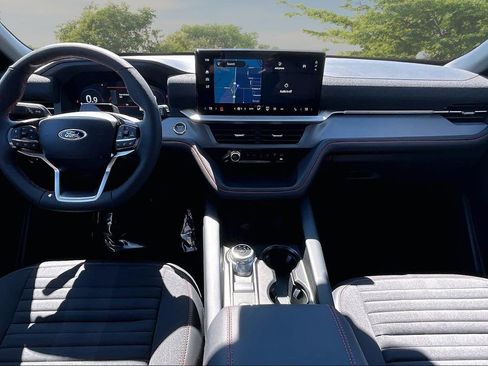 New 2026 Ford Explorer ST-Line w/ ST-Line Street Pack AWD/4WD image 5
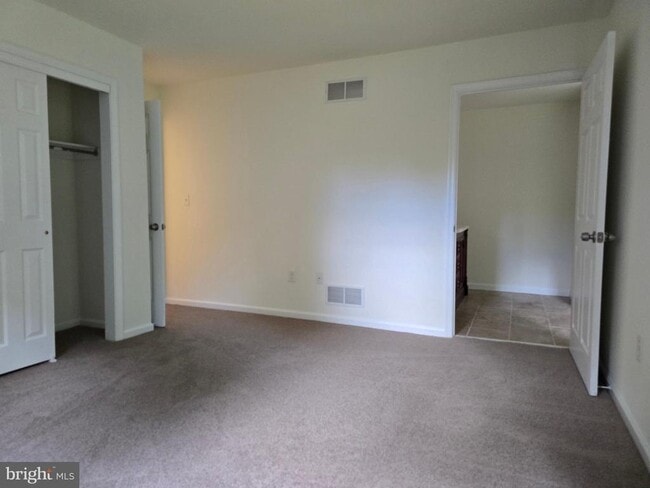 Building Photo - 68 Liberto Ln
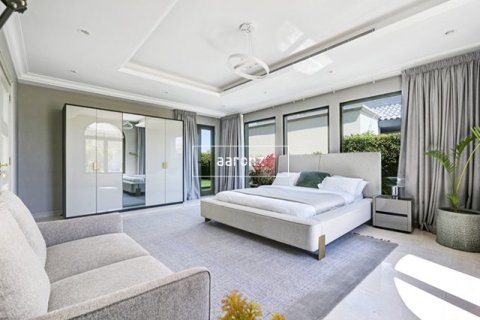 Villa en Palm Jumeirah, Dubai, 5 dormitorios, 657.6 m², № 12251 - foto 11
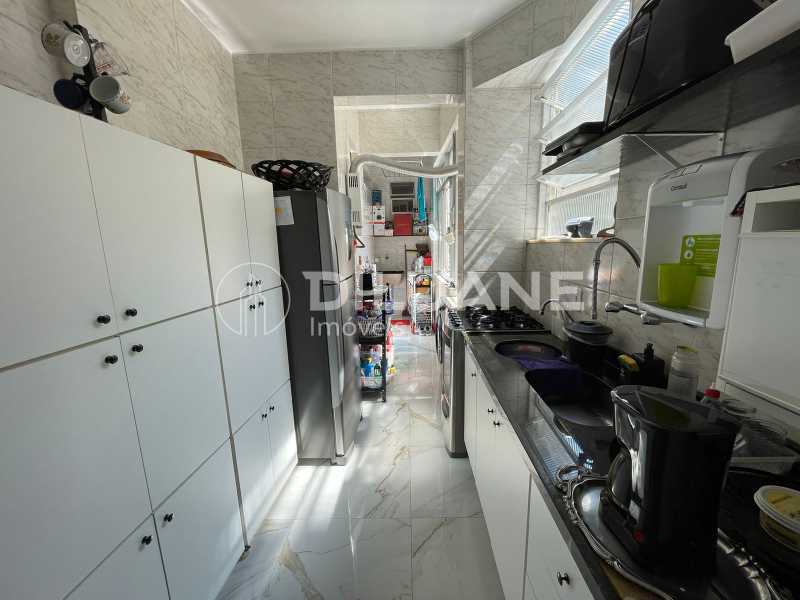 Apartamento à venda com 3 quartos, 98m² - Foto 9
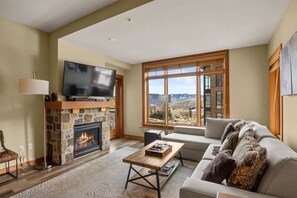 Télévision, cheminée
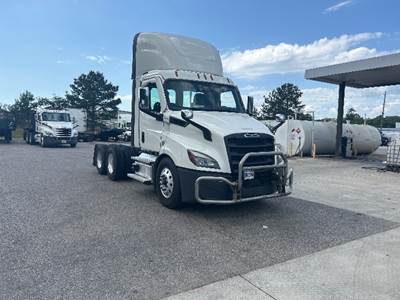 Freightliner Cascadia 116 Day Cab Truck - 410HP, 12 Speed Automatic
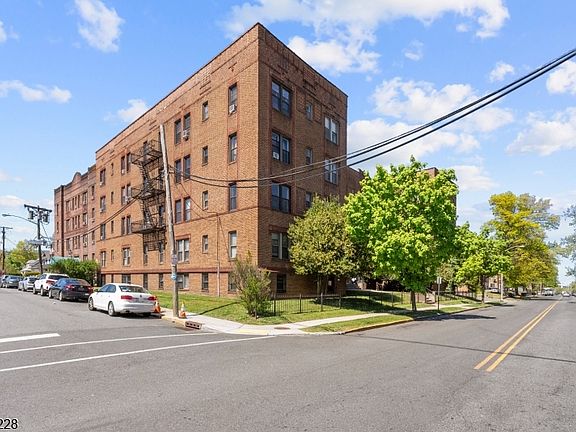 5th image of 433 Lincoln Ave APT A14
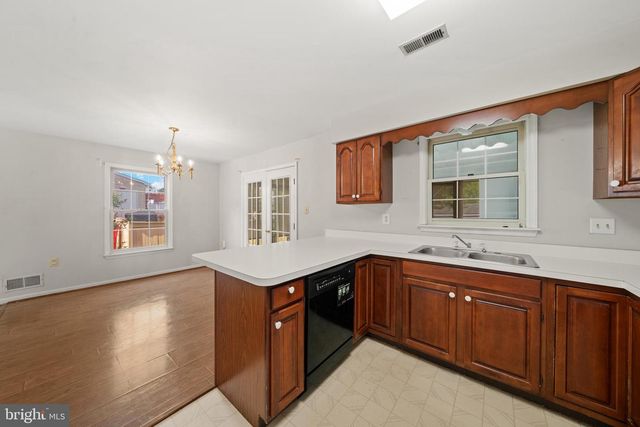 31 BEEKMAN PL, Charles Town, WV 25414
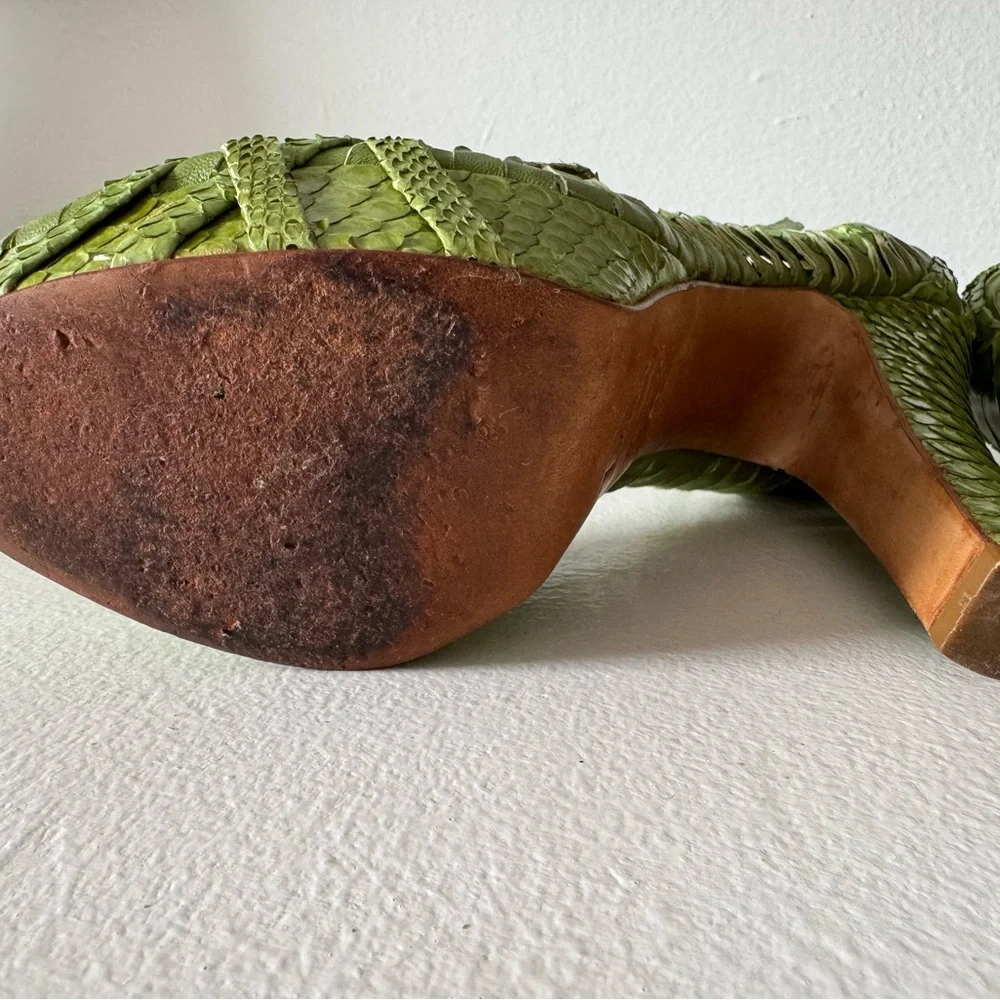 Christian Dior Python Green Pumps - Picture 9 of 9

**PROBLEM STATEMENT:** If a line falls between the one containing "Building Photo - 68 Liberto Ln" and the last line of the records above, inclusive, restate it exactly; leave out the pictures and everything else.

**EXERCISE RESULT:**
 Building Photo - 68 Liberto Ln
 Villa en Palm Jumeirah, Dubai, 5 dormitorios, 657.6 m², № 12251 - foto 11
 Apartamento à venda com 3 quartos, 98m² - Foto 9
 Télévision, cheminée
 Freightliner Cascadia 116 Day Cab Truck - 410HP, 12 Speed Automatic
 5th image of 433 Lincoln Ave APT A14
 31 BEEKMAN PL, Charles Town, WV 25414
 Christian Dior Python Green Pumps - Picture 9 of 9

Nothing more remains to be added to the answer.